Pros of the Double Declining Balance Method 

  1. Tax Savings Early
    You pay less tax in the first few years because you can subtract more money as an expense.
  2. Better Matching
    It matches how the asset is used. For example, some machines work harder when they are new, so they lose value faster.
  3. Great for Fast-Depreciating Assets
    This method is good for things that lose value quickly, like cars, computers, and phones.
  4. Faster Expense Recording
    You show the loss in value faster, which helps if your business needs quick results.
  5. Helps with Cash Flow
    Since you pay less tax early on, you save money that can help your business grow.
  6. Simple to Use with a Chart or Software
    Even though you do it yearly, many tools can help you calculate easily.

Cons of the Double Declining Method 

  1. More Work Each Year
    You have to recalculate the numbers every year. It takes more time than straight-line depreciation.

     

  2. Not Good for All Assets
    This method doesn’t work well for things that lose value slowly, like furniture or buildings.

     

  3. Smaller Depreciation Later
    In the later years, the amount you can subtract becomes very small.

     

  4. Can Be Confusing
    If you’re new to accounting, this method may seem a bit tricky to understand at first.

     

  5. Might Show Lower Profits Later
    Because the expenses are bigger at the start, your profits might look smaller at first even if your business is doing well.

     

  6. Not Always Accepted
    Some rules or countries might prefer a different method. 

The double declining balance method is a smart way to show how things lose value quickly over time. It helps businesses save money on taxes in the early years. This method is great for items like machines, cars, or computers that lose value fast. It also shows how much the item is used each year, which is fair and helpful.

To use this method, remember to use the double declining depreciation formula and update your numbers every year. If you’re not sure how to do it, it’s okay to ask a bookkeeper or an accountant for help.

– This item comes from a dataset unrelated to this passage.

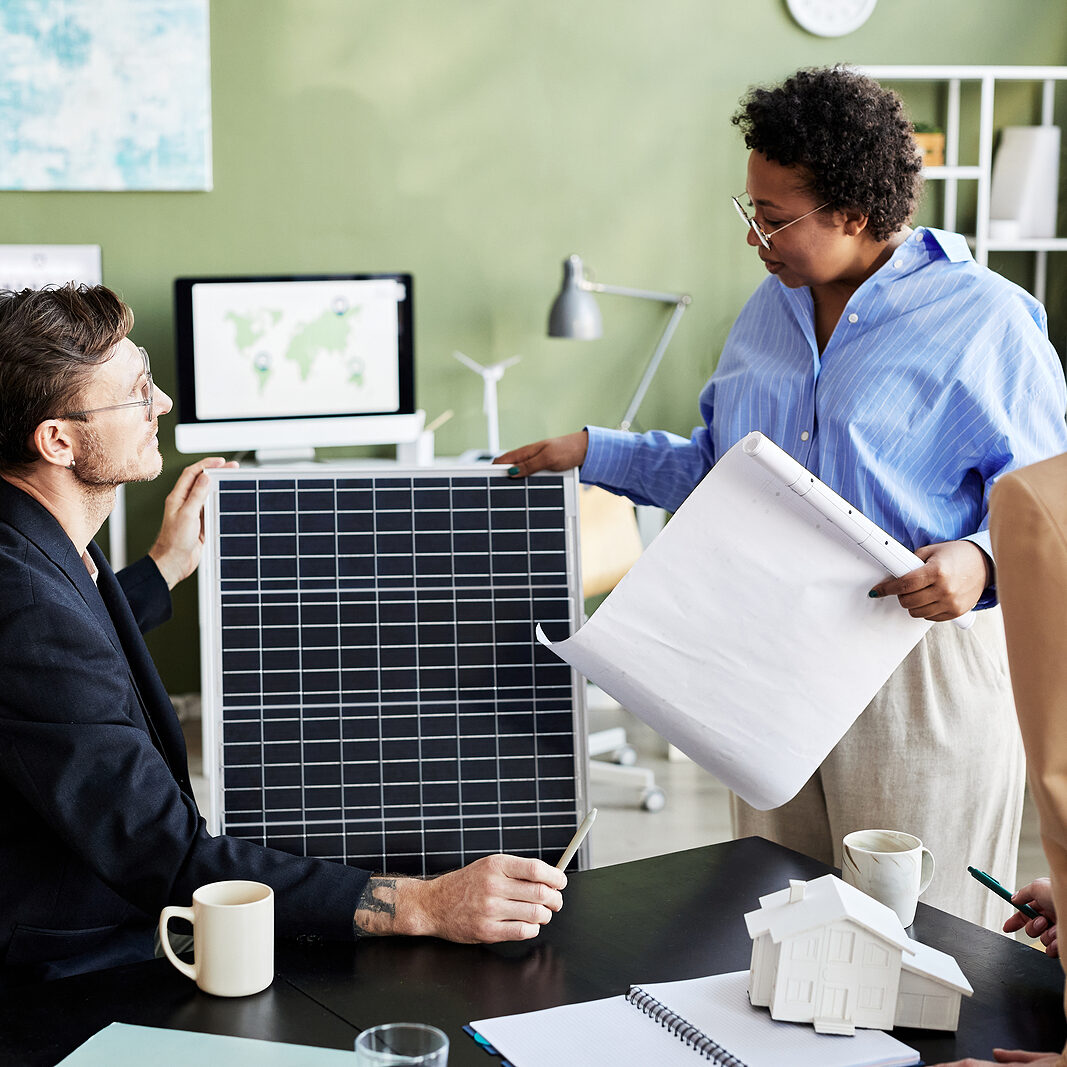 Group Of Engineers Working With Solar Panel In Team, They Discus POWER ASSESSMENT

Meru Accounting has expertise in bookkeeping and can help you use the double declining method the right way so your business runs smoothly.

FAQs

  1. Why would someone use this method?
    People use it because it helps them save money on taxes early and matches how some things wear out faster when they’re new.
  2. Can I use it for all kinds of things?
    No. It’s best for things like electronics, vehicles, or machines that lose value quickly. It’s not great for things that last a long time, like buildings.
  3. Is it hard to calculate?
    It can be a little tricky, but you just need to follow steps and use the formula. Some calculators or computer programs can help too.
  1. Does this method ever stop?
    Yes. You stop when the value of the item reaches its salvage value  that’s the leftover worth after it’s been used for many years.